Ces mythes travaillent tous au renforcement des agresseurs et à l’affaiblissement des survivantes. Ils mènes celles qui ont survécu a une agression à questionner leur propre jugement, à tourner les reproches contre elles-mêmes pour les actes d’un autre. Ils causent des sentiments de honte et de culpabilité paralysants pour celles qui ont besoin de solliciter notre solidarité et notre soutien. Dans le même temps, ils font que les structures supposément établies pour aider les victimes sont peu réceptives voire même franchement hostiles.

Des mythes et idées fausses comparables affectent aussi d’autres groupes subissant des oppressions, entraînant les mêmes effets de rejet de la faute sur ceux qui sont violentés. Par une observation attentive des médias grand public, on peut constater à quel point la désinformation et la haine qu’elle entretient sont omniprésentes. Alors que j’écris cet article, il apparaît qu’un facteur important du suicide de Lucy Meadows a été la décision du Daily Mail de publier une attaque personnelle haineuse à son égard. De tels exemples ne sont que la partie émergée d’un massif iceberg.

 

Espaces radicaux, solutions révolutionnaires

En tant qu’anarchistes, nous devons travailler à nous rendre compte de ces systèmes d’oppression et de la manière dont ils se recoupent et s’articulent, en écoutant les expériences de celles et ceux qui ont été opprimé-es et en les épaulant dans leurs luttes. Nous devons aussi être critiques des systèmes de réponse que nous tenons du monde tel qu’il est et chercher à préfigurer le monde dans lequel nous espérerions vivre. Nous devons pour cela être réalistes au sujet des moyens et des aptitudes que nous devons avoir en main. Quand nous offrons des espaces, qu’ils soient de rassemblement dans des lieux physiques ou des forums virtuels de discussion, nous devons reconnaître la responsabilité qui nous incombe de faire savoir à tous ceux qui les utilisent que pour être accepté dans cette communauté particulière certains comportements sont requis et que d’autres ne sont pas tolérés.
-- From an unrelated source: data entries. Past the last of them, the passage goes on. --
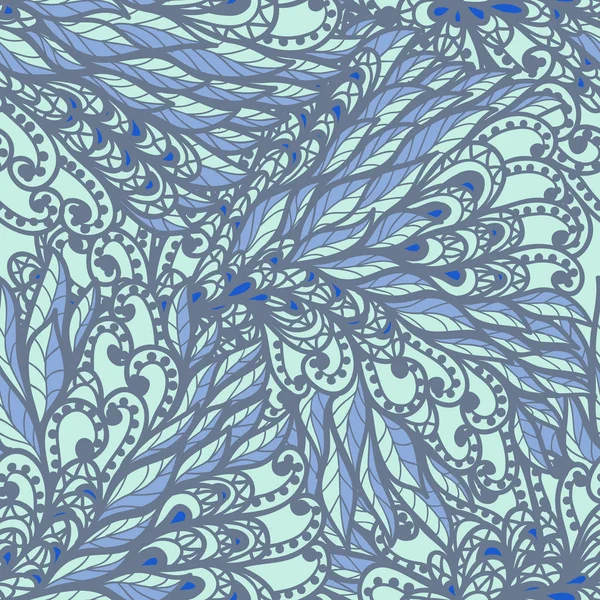 Naadloze floral monochroom blauw doodle patroon — Stockvector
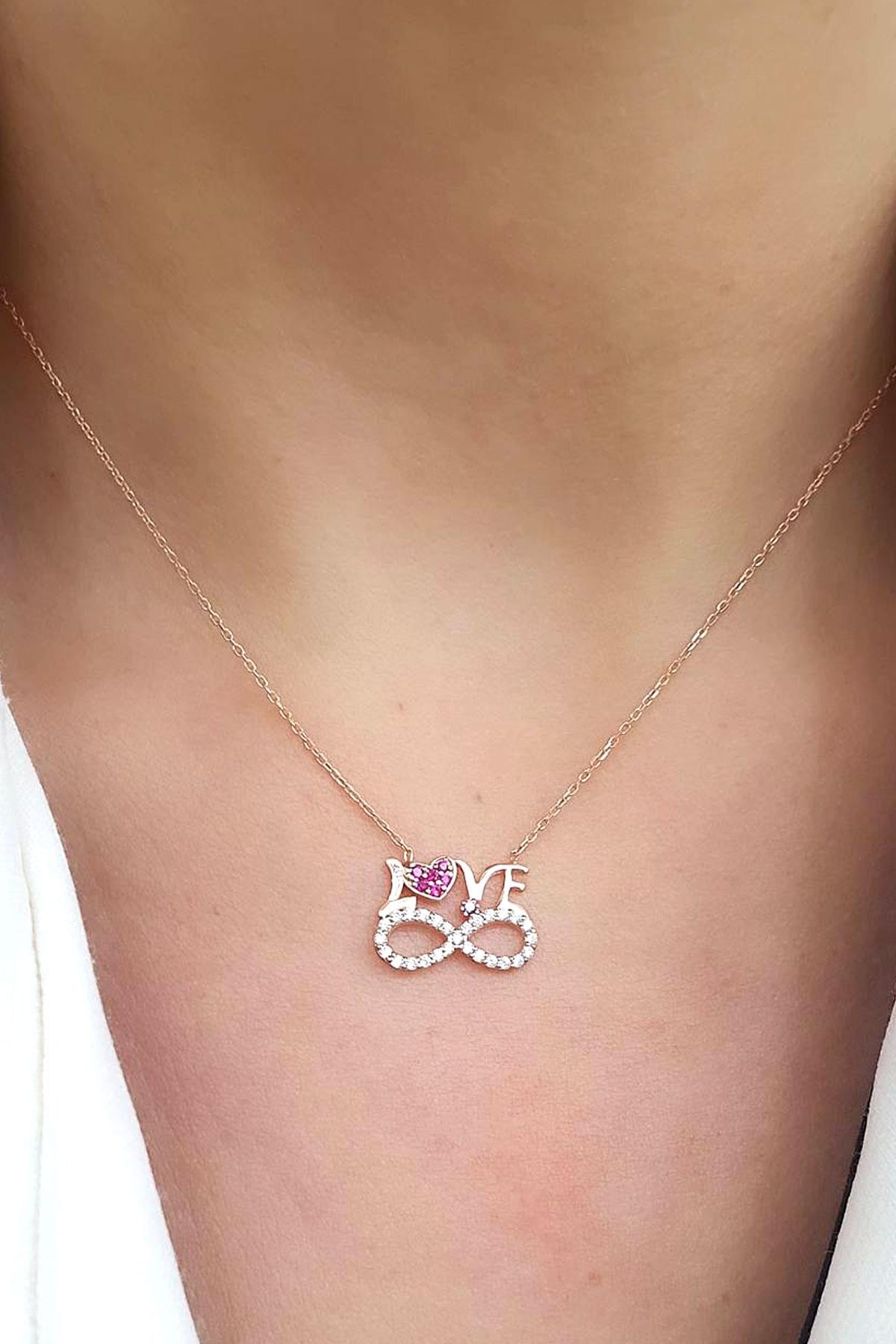 Love Yazılı 925ayar gümüş üzerine rose altın kaplama Sonsuzluk Aşk Kolyesi 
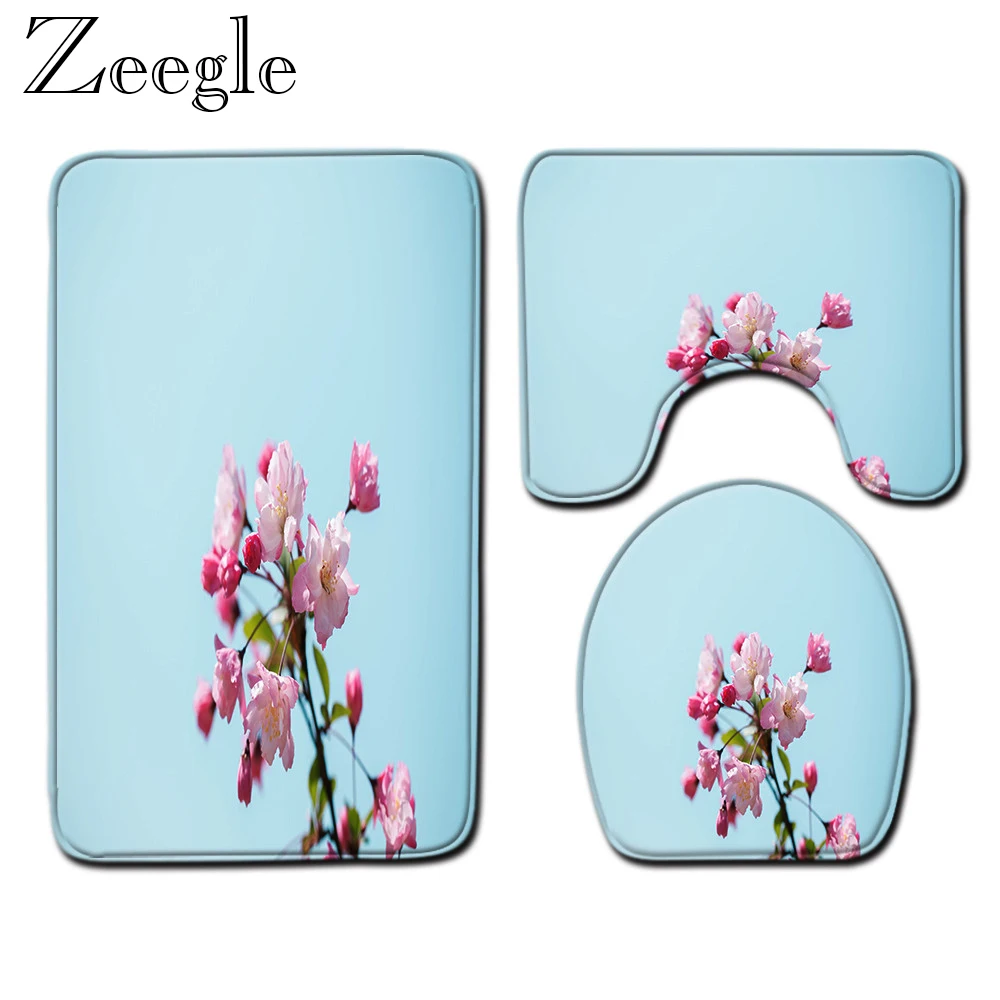 3 шт. коврик для ванной с принтом нескользящий комнаты душа Впитывающий Коврик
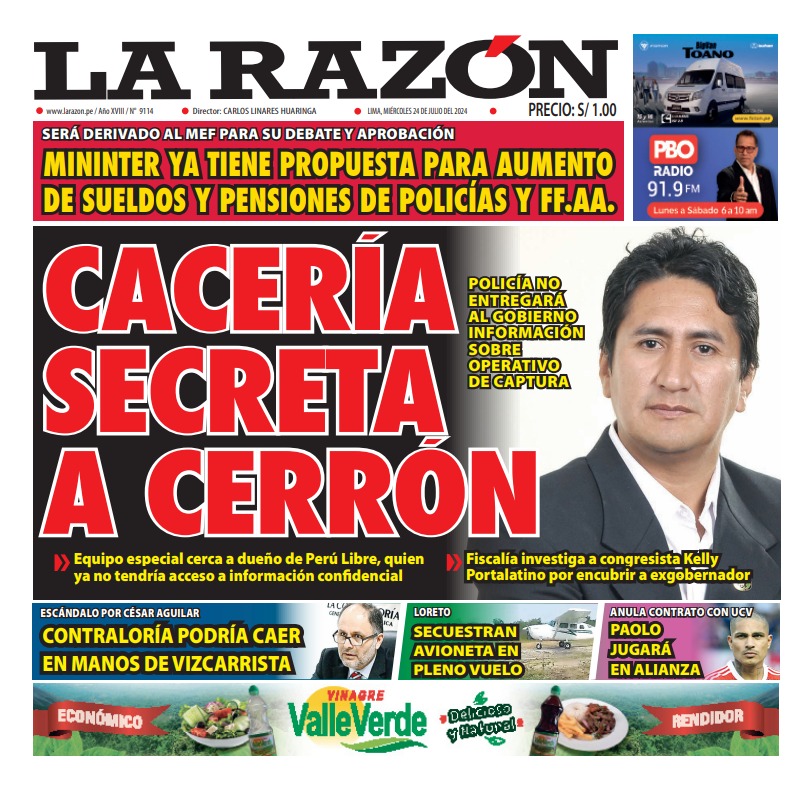 Portada Diario La Razón (24/07/2024)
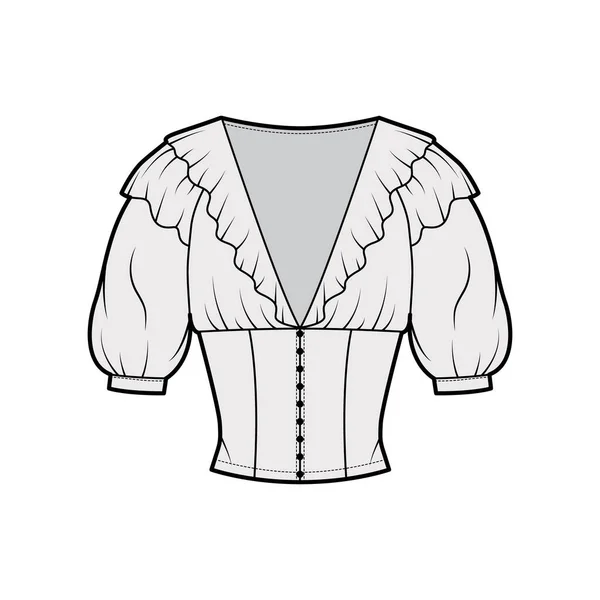 Ruffled blusa recortada técnica moda ilustração com mangas de sopro de cotovelo, fechos de botão frontal, corpo equipado. —  Vetores de Stock
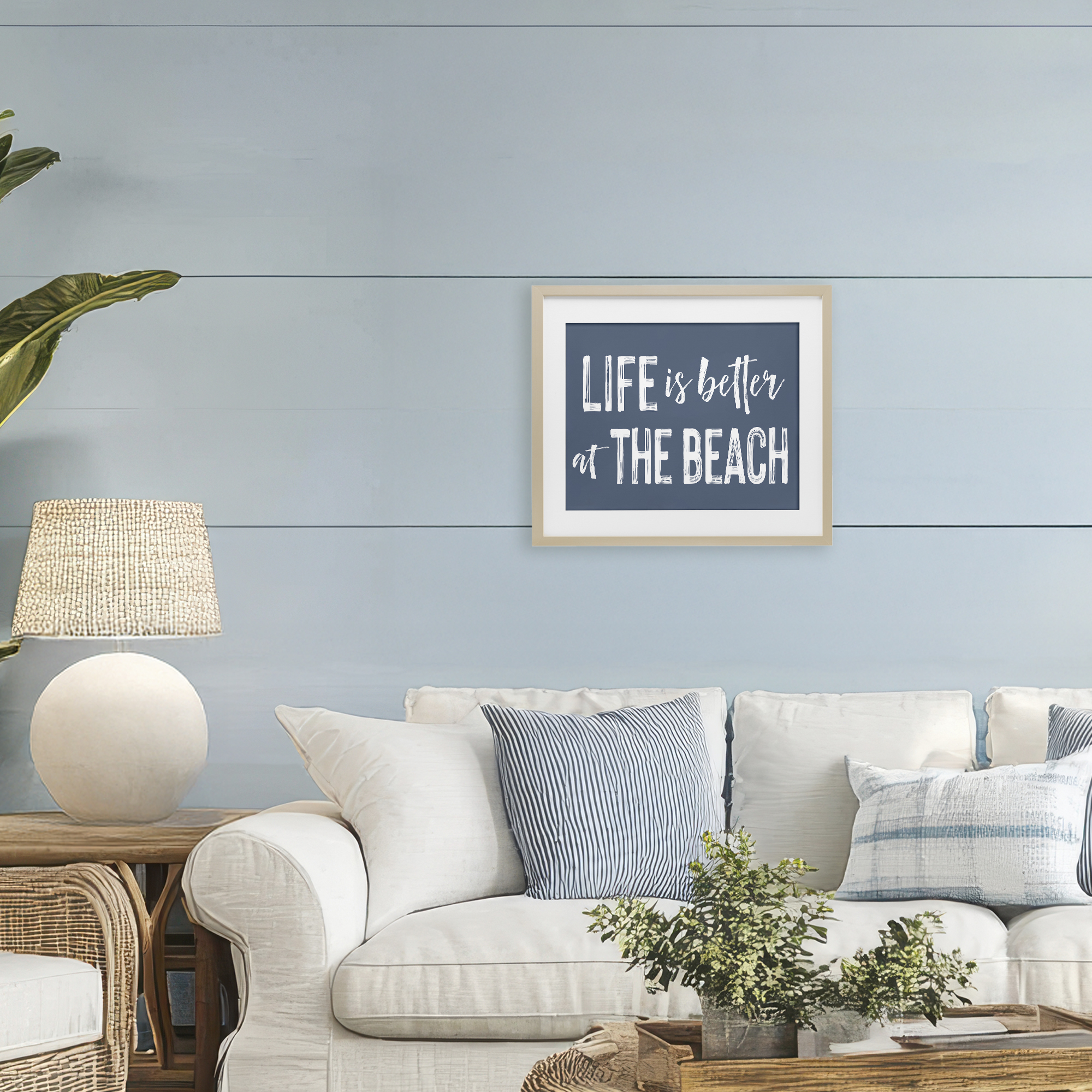 Life Better At Beach Blue Birch Framed Print Under Glass, design by Lettered and Lined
Dans le même temps nous pouvons avoir des exigences annexes, voire même énoncer que quelqu’un n’est pas le bienvenu dans nos espaces, dans le but de préserver la communauté dans son ensemble. Loin d’être autoritaire, ceci est le premier pas vers la mise en pratique du principe de libre association, où individus et collectifs décident directement et démocratiquement de qui ils acceptent dans leurs espaces et de la manière dont les gens sont sensés s’y conduire.
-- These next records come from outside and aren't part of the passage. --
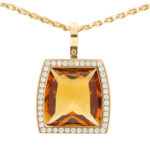 Vintage Cartier La Dona Citrine and Diamond Pendant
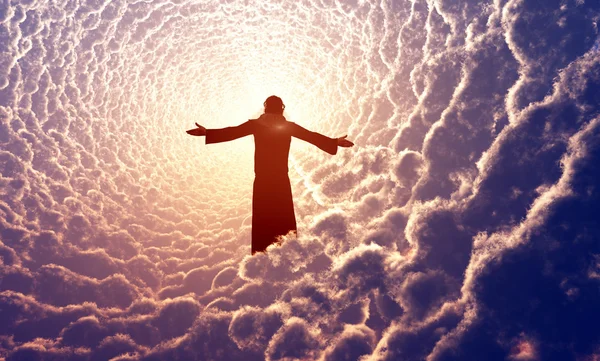 Jesus in the clouds.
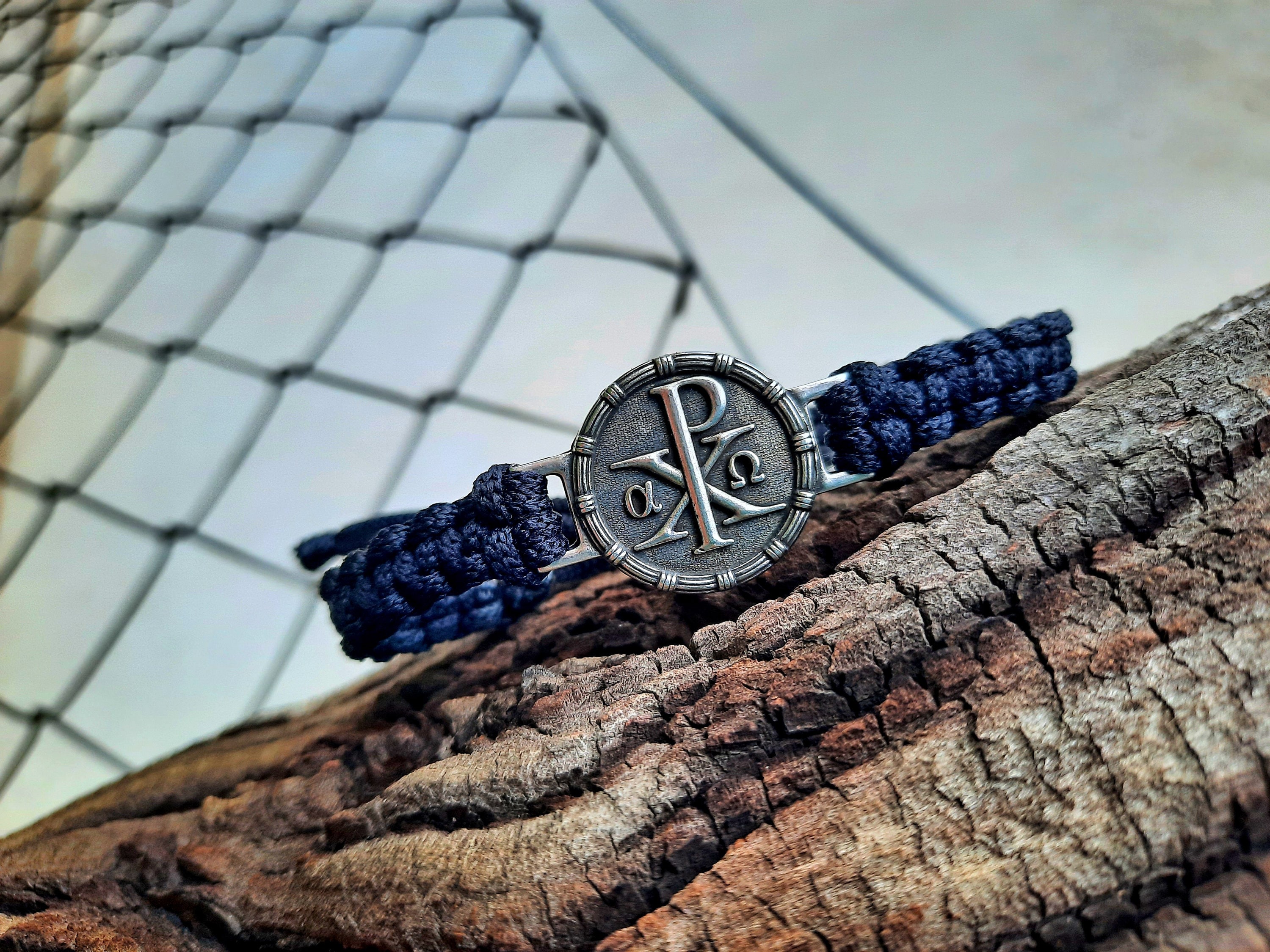 Christogram Rope Bracelet,chi Rho XI Monogram of Jesus Christ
Pour le moment la tentative la plus commune de rendre nos espaces plus sûrs que le reste du monde est de mettre en place une politique d’espace sécurisant. Cela se matérialise souvent par une liste de principes auxquels nous espérons que tous les usagers adhéreront ainsi que des comportements attendus. Malheureusement, faire de nos espaces des lieux plus sûrs que monde environnant nécessite bien plus qu’une bienveillante liste de ce que nous espérons que des individus prédateurs feront ou ne feront pas. Tout comme les lois ne font rien pour empêcher les crimes, placarder un code de conduite lors des événements est parfaitement inutile si cela n’est pas accompagné par des procédures déterminant quoi faire quand (et non pas si) quelqu’un y contrevient. Pour paraphraser Malatesta, il faut de l’organisation, de l’organisation, et encore de l’organisation. Cela se traduit de différentes manières:

Des processus ouverts et clairs pour tous

En secourisme il y a des procédés qui sont répétés par les soignant-es pour qu’en cas d’urgence ils soient capables de mettre la plupart de leurs émotions de côté pour s’assurer que la situation est gérée convenablement. Le même principe peut s’appliquer à la préparation et l’organisation pour sécuriser nos espaces. Quand quelqu’un se comporte de manière contraire aux « codes de conduite », il est nécessaire qu’il existe une liste d’indications claire sur les recours disponibles pour quelqu’un qui a enduré un abus, qui a été témoin d’un comportement oppressif et pour celles et ceux à qui les faits sont rapportés.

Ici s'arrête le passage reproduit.